Here's Chapter 12 - (length 08:02)
https://librivox.org/uploads/triciag/homemaker_12_canfield_128kb.mp3
In which we get some brief updates on how Lester and the kids are keeping house.
KevinS wrote: ↑March 1st, 2021, 6:22 pm
Your reading is wonderful, of course, but I can't put my finger on why I'm enjoying the content so much. It's a bit like watching a pleasant movie from the 40s, I guess, without the melodrama.
Kevin, thank you for such a kind remark on my reading. I wasn't sure about tackling a long work of fiction, not my usual material, wondering if I'd sound as dry as though I were reading a government report. It gives me confidence to hear that one listener is finding it engaging.

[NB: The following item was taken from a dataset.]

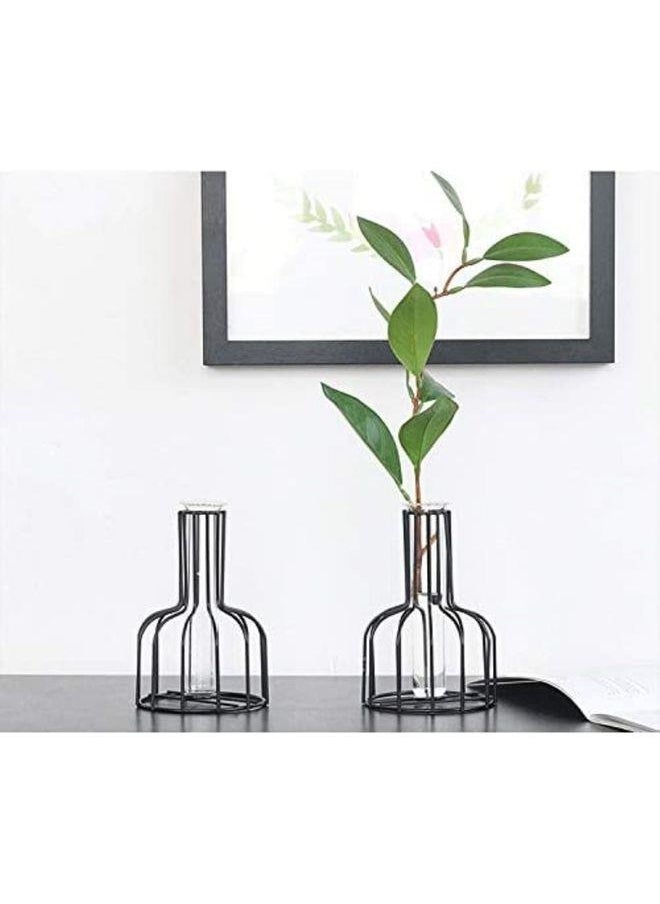 yongsheng Set Of 2 Metal Flower Test Tube Vase Multicolour one size，2 Pcs Balck Flower Vase with Metal Frame, Test Tube Vases Decorative  - Image 4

As to the content, I'm also finding it enjoyable. It's like a time-capsule of a particular moment in history, when people were questioning gender roles in the aftermath of WWI, and asking questions that still seem relevant almost 100 years later. Your remark that it feels like a 1940's movie got me started wondering whether there had ever been a 1920's movie of it, when the book was first out, and sent me off to search for the answer. To my delight, I discovered that - Yes! There was a 1925 movie! Directed by King Baggot, and starring Clive Brook and Alice Joyce as Lester and Eva. Even better, the movie has survived, when so many silent movies have been lost. And
judging from this review, it was actually a pretty good and faithful adaptation of the book. Unfortunately there doesn't seem to be a copy of the movie available on line, but I am hoping it will crop up somewhere eventually, so I can watch it.